Summit has sports programs for youth including basketball, baseball, soccer, and football leagues through the Recreation Center. In addition, the YMCA organizes sports clinics and teams including the Summit Area YMCA "Seals" Swim Team. At age eight, children can try out for a traveling soccer program called the Summit Soccer Club, a nonprofit dedicated to the development of youth soccer in the city. Travel soccer runs for both the fall and spring seasons.

Lacrosse is a popular sport with high school teams achieving distinction at state and national levels.
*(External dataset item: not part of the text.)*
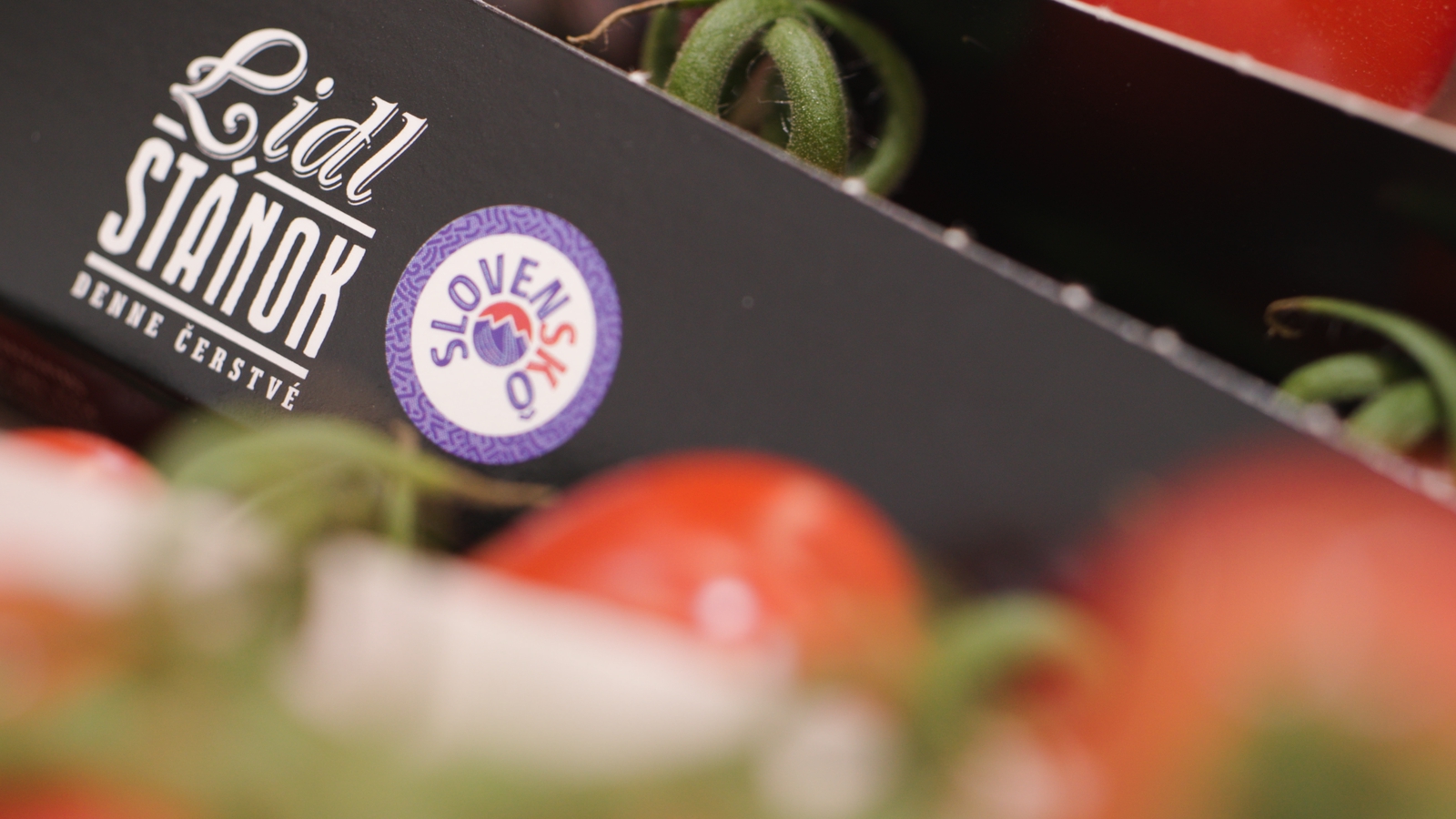 V Lidli nakupujete bez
Summit holds the third most NJSIAA Boys Group Titles. Since the Tournament of Champions (TOC) began in 2004, Summit has made the tournament 11 times. Summit has the fourth-most championship titles (2) and has finished runner-up four times. Prior to the new championship format, Summit was crowned champion twice with one runner-up finish.Summit High School boys' team won the state's Tournament of Champions in 2010 and 2009 and lost by one goal in the 2011 final. Summit holds the New Jersey state (and possibly national) high school record with 68 consecutive victories during 2009 to 2011. The 2012 team was ranked second in New Jersey in May 2012 and in the top 20 nationally. Beginning in first grade, boys and girls can learn to play lacrosse in clinics and teams organized by the Summit Lacrosse Club. Many Division 1 lacrosse players have come from Summit, either through Summit High School, or via private schools.

Real estate and housing

Summit residential real estate is among the most expensive in the state. The 2018 median home price was $987,583. Real estate taxes vary; an $800,000 four-bedroom, 2-full-bath, 2-partial-bath single-family home built in 1939 had taxes of $16,000 in 2009. As of 2018, the average property tax bill in the city of Summit was $17,930, the 14th highest in the state.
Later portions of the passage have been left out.